━━━━━ DATASET ENTRIES ━━━━━

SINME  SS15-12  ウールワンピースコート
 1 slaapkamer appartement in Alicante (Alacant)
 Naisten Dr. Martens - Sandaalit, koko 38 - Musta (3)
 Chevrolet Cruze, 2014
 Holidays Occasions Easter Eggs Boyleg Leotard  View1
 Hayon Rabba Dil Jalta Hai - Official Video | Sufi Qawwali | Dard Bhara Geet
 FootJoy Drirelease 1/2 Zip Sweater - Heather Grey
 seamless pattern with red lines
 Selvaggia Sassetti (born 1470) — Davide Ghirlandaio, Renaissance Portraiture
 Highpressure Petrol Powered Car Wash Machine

━━━━━

Every record above is to be transcribed exactly.

SINME  SS15-12  ウールワンピースコート
 1 slaapkamer appartement in Alicante (Alacant)
 Naisten Dr. Martens - Sandaalit, koko 38 - Musta (3)
 Chevrolet Cruze, 2014
 Holidays Occasions Easter Eggs Boyleg Leotard  View1
 Hayon Rabba Dil Jalta Hai - Official Video | Sufi Qawwali | Dard Bhara Geet
 FootJoy Drirelease 1/2 Zip Sweater - Heather Grey
 seamless pattern with red lines
 Selvaggia Sassetti (born 1470) — Davide Ghirlandaio, Renaissance Portraiture
 Highpressure Petrol Powered Car Wash Machine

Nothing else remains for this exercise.